Sustainability

New Cocoa Fruit Lab in Cote d’Ivoire set up for women farmers to branch out

By Anthony Myers

- Last updated on GMT

Women from COVIMA will be the first group to participate in the Cocoa Fruit Lab. Pic: Cocoa Fruit Lab
Women from COVIMA will be the first group to participate in the Cocoa Fruit Lab. Pic: Cocoa Fruit Lab

Related tags Côte d'ivoire Cocoa

A new initiative in Cote d’Ivoire is empowering women to become the producers and marketers of their own cocoa products, shifting value-addition processes to origin countries.

The Cocoa Fruit Lab says it is bringing together actors from across the cocoa sector to create the first entirely women-owned micro-factory in the country to produce sustainable cocoa, specialty chocolate and cocoa juice.

About the Cocoa Fruit Lab

The Cocoa Fruit Lab is an initiative of ETG’s sustainability foundation Beyond Beans, co-funded by IDH: The Sustainable Trade Initiative, as part of their Cocoa Origins Program. Also involved are women-empowerment focused Fine or Flavour chocolatier Rokbar, and cocoa juice company Kumasi. Technical support is provided by juice experts from Koa and advice on process and quality by Döhler Holland.
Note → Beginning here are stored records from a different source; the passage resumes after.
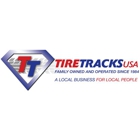Tire Tracks USA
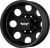 ar dually front cap 8x6.5/170 - s-blk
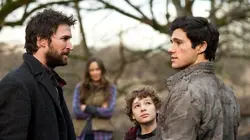Falling Skies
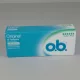 Ob tampon super plusz 16 db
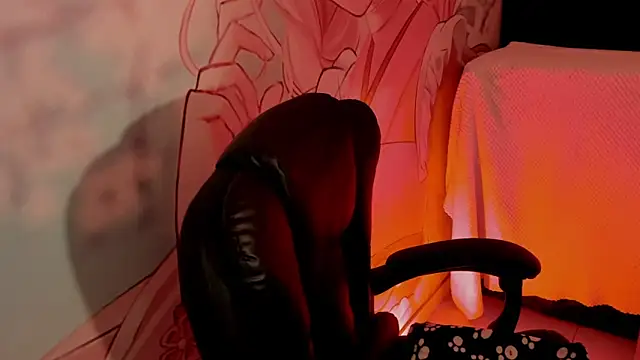 Morana  Hot online show from March 10, 2:59 am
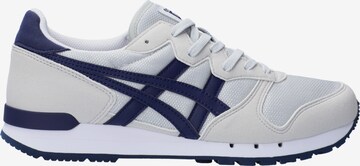 Onitsuka Tiger Sneaker  'Alvadaro' in Grau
Although Cote d’Ivoire Coast is the world's largest cocoa producing country, most cocoa farmers are struggling to reach a living income. This particularly concerns women, who often own smaller farmlands, have less access to trainings and financial inputs, and lack household decision making power compared to their male counterparts.

By increasing women’s participation in the sector as cocoa producers, juice collectors and chocolate makers, the Cocoa Fruit Lab has been established to promote female entrepreneurship across the supply chain.

In addition, it will create opportunities for female farmers to improve the quality of their cocoa beans and to access higher-paying specialty markets.

Four-hundred farmers from the women-run cooperative COVIMA in the country’s Marahoue region will be the first group to participate in this project.

Cocoa juice

The project also introduces an income-diversification aspect at the farmer level through the collection of cocoa juice. When chocolate is produced, the white pulp that surrounds the cocoa beans is usually lost as a waste product but collecting it and processing it into juice can create an additional income stream for minimal additional cost, raising farmer income by up to 30% per kilo of cocoa beans.

In the Cocoa Fruit Lab's first year of operation, the plan is to produce ‘cocoa of excellence’ for 5,000 single origin Rokbar chocolate bars, 1,000 litres of cocoa juice, and 250 Mt of sustainable cocoa beans for European chocolate factories, all the while supporting women in developing as local entrepreneurs.